*** Begin section ***

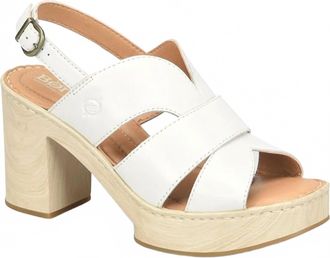 Born Womens Nassau Sandal In White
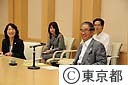 日本語サミット参加者が石原知事を訪問
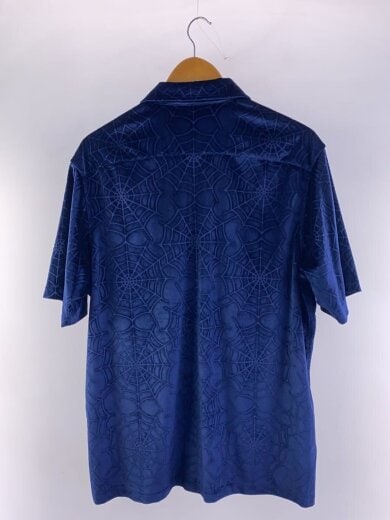 商品画像：半袖シャツ/L/ベロア/BLU/総柄 2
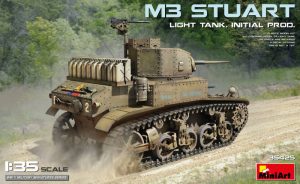 M3 STUART LIGHT TANK, INITIAL PROD. Escala 1:35. Marca Miniart. Ref: 35425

*** End section ***

With pictures left out, repeat exactly the lines from the one containing "商品画像：半袖シャツ/L/ベロア/BLU/総柄 2" through the last line of the data above, inclusive, and nothing else.

Response below:
 商品画像：半袖シャツ/L/ベロア/BLU/総柄 2
 M3 STUART LIGHT TANK, INITIAL PROD. Escala 1:35. Marca Miniart. Ref: 35425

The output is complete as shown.